The book is hopelessly trite and tells us little that we do not already know. Bush’s “No Child Left Behind” and Obama’s “Race to the Top” are “kissing cousins.” Ravitch is correct to condemn imperialistic federal programs and she is right to criticize Core Standards as they have become politicized in nature and awkward in implementation. In the ideal environment that Ravitch imagines, where the rest of the world would just do as she says, universal standards might be possible—but not in the hyper-political climate to which Slaying Goliath contributes. She is also correct that excessive standardized exams steal the soul out of learning and present irresistible temptations for teachers and administrators to cheat on behalf of their students. Those who saw President George W. Bush side-by-side with the late Edward Kennedy signing NCLB knew that Bush had been duped. Just ask any teacher: the programs are a disaster and have made their life miserable, pushing too many teachers to retire prematurely. But we already knew all of that.

Ravitch compiles a list of charter school scandals but ignores their successes. Public school scandals are also ignored, like one in Atlanta where personnel from Fulton County schools were sent to prison for falsifying students’ exams. She also ignores the ideologically-driven opposition to charter, private, and homeschools that has attempted to thwart these schools’ success. Nonetheless, the best universities in the country aggressively recruit students from these schools. Apparently, they don’t read Ravitch’s blog.

I picked this book up to better understand the arguments against charter schools and privatization because there are surely difficulties associated with these reforms.
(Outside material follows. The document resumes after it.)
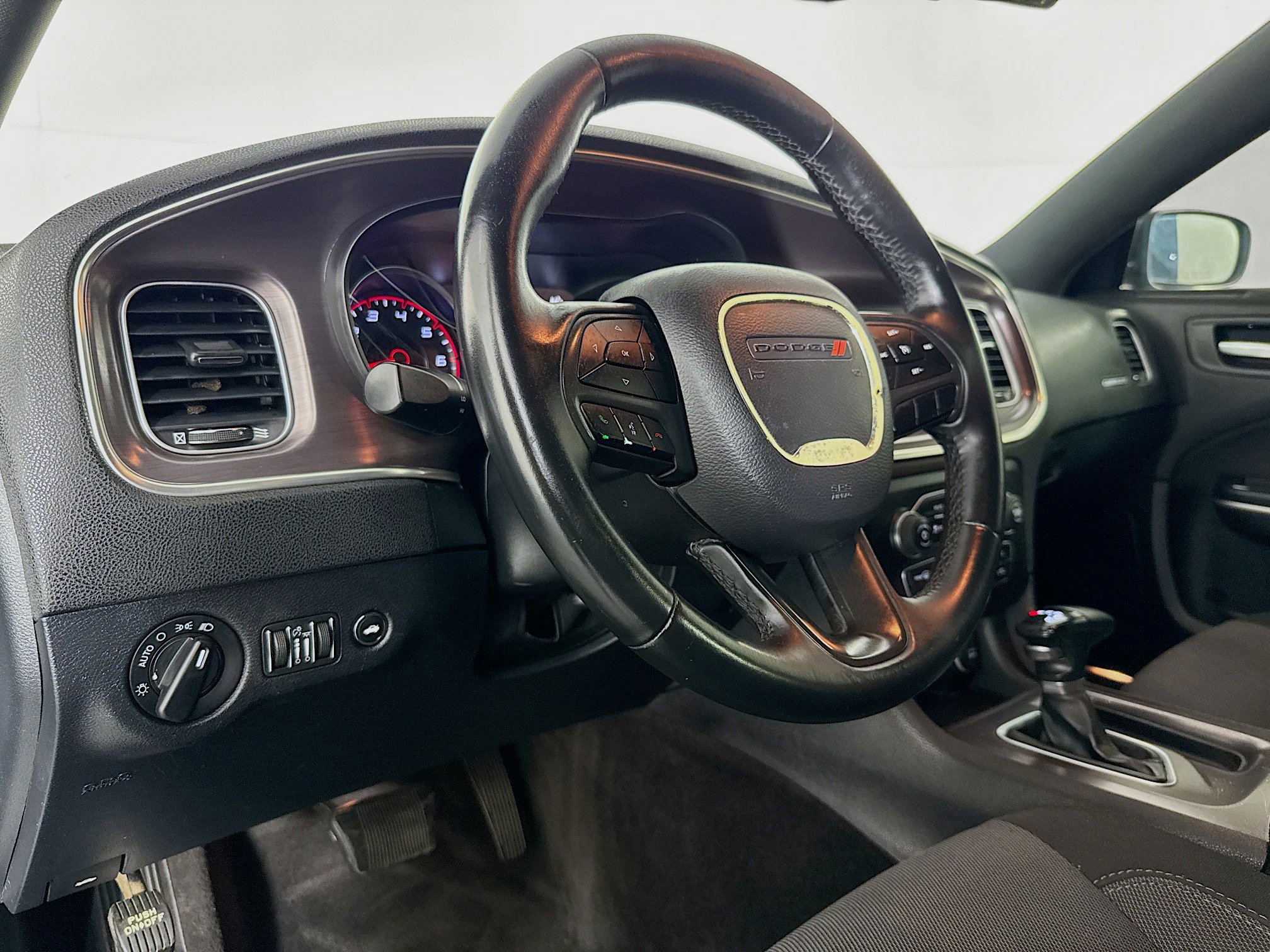 Used 2018 Dodge Charger SXT image 22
There are important lessons to be learned, and ill-advised practices to amend. I have learned little, however, except how badly politicized even some of the best minds in education have become.

Ravitch censures those who “believe that choice is an end in itself.” Guilty as charged. Choice indeed is an end in itself given that choosing is an exercise of freedom—unless, that is, one denies that freedom is an end in itself. If you can’t choose, however, or if you have nothing to choose from, freedom is attenuated. But according to Ravitch, such choice has been imposed on hapless parents in an “assault on democracy.” This is strange democratic theory indeed.

Though Ravitch describes a repudiation of her earlier views, this is less a reversal than a retreat into the safe world of progressive education. The public school system, from the early 20th century, rests upon the ideas of John Dewey, who hijacked the progressive education movement in the interest of his political agenda, as I have argued elsewhere. Several generations of research, tenure, promotion, and reputation are housed in the public school superstructure. Consequently, to challenge the status quo may provoke an existential crisis for those who live and work therein. In Slaying Goliath, more concern is evident for the welfare of schools than for the welfare of students, but this comes as no surprise because such is the preoccupation with power and survival in contemporary progressive education.

Undaunted by many examples of questionable education research, Ravitch complains that the “Disrupters” do not take appropriate guidance from the “experts.” Though appropriate credentialing and professionalism are critical, surely we have reached the point where too many of the experts in education are described by Bob Dylan’s dark ballad “Desolation Row,” where he warns of “everyone that knows more than they do.”

Finally, we must ask: if Ravitch, by her own admission, was so wrong before, why should a reasonable person rely on her guidance now? Slaying Goliath does little more than provoke class hostility and deepen political divisions. To quote Dylan’s song again, Ravitch is only contributing to the tumult in which “Everybody is shouting, / Which side are you on?